#### Exercise prompt
No pictures go into the copy. Write out exactly the lines below from the one containing "LED Deckenleuchte ROUTE" through the one containing "Round keychain sublimation | Strong woman".

#### Material provided

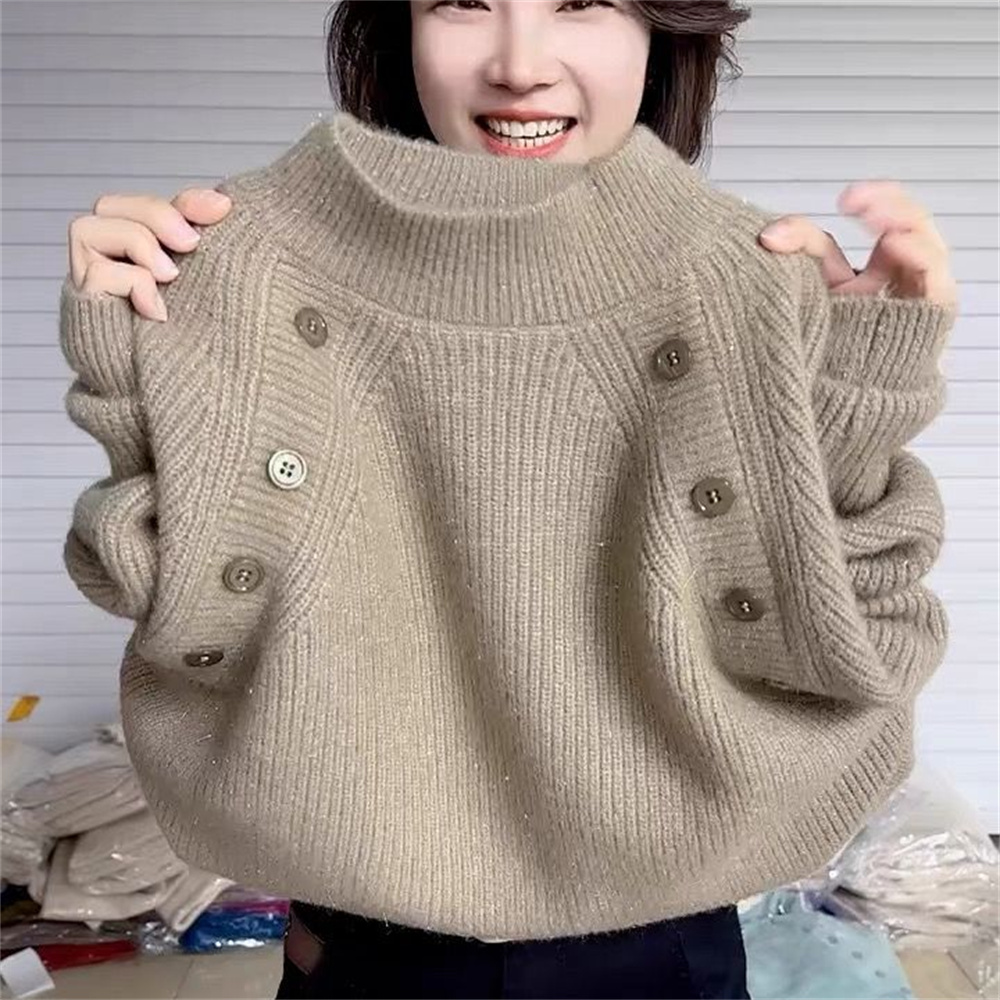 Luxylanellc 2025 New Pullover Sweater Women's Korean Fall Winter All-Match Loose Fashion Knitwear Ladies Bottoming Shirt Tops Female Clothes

* * *

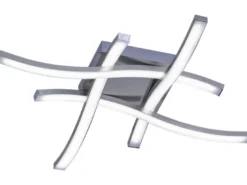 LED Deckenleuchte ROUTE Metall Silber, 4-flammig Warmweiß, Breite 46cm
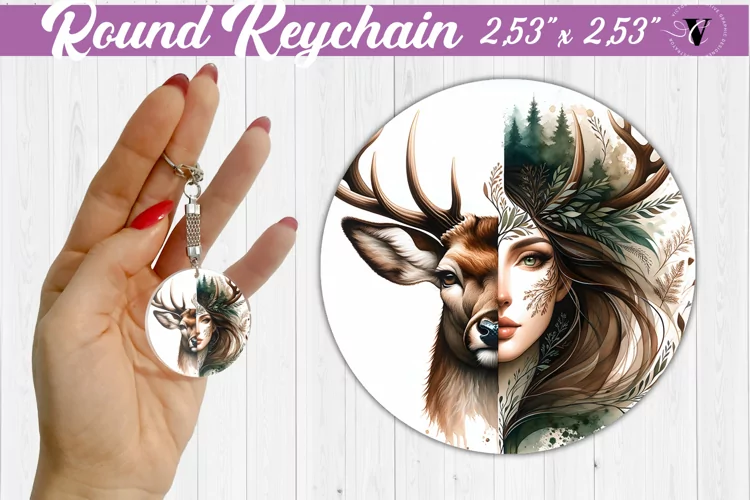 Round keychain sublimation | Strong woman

...

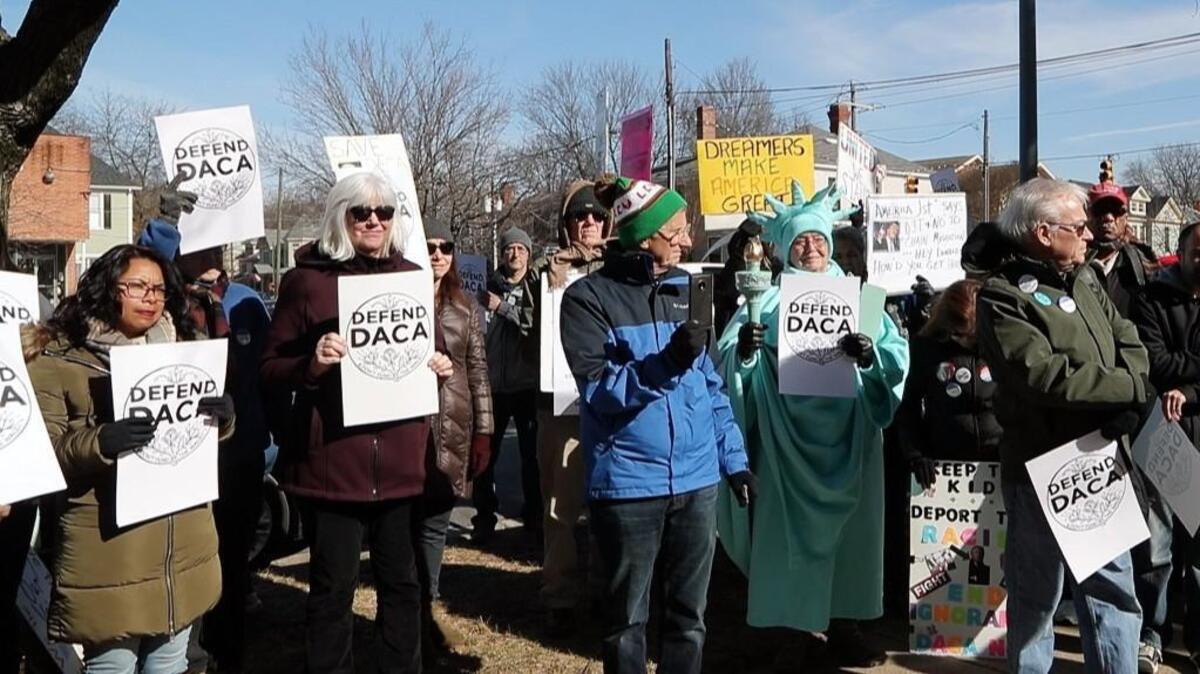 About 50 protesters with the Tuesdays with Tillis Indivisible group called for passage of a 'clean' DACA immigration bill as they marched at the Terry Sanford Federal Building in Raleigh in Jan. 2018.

#### Output of the exercise
 LED Deckenleuchte ROUTE Metall Silber, 4-flammig Warmweiß, Breite 46cm
 Round keychain sublimation | Strong woman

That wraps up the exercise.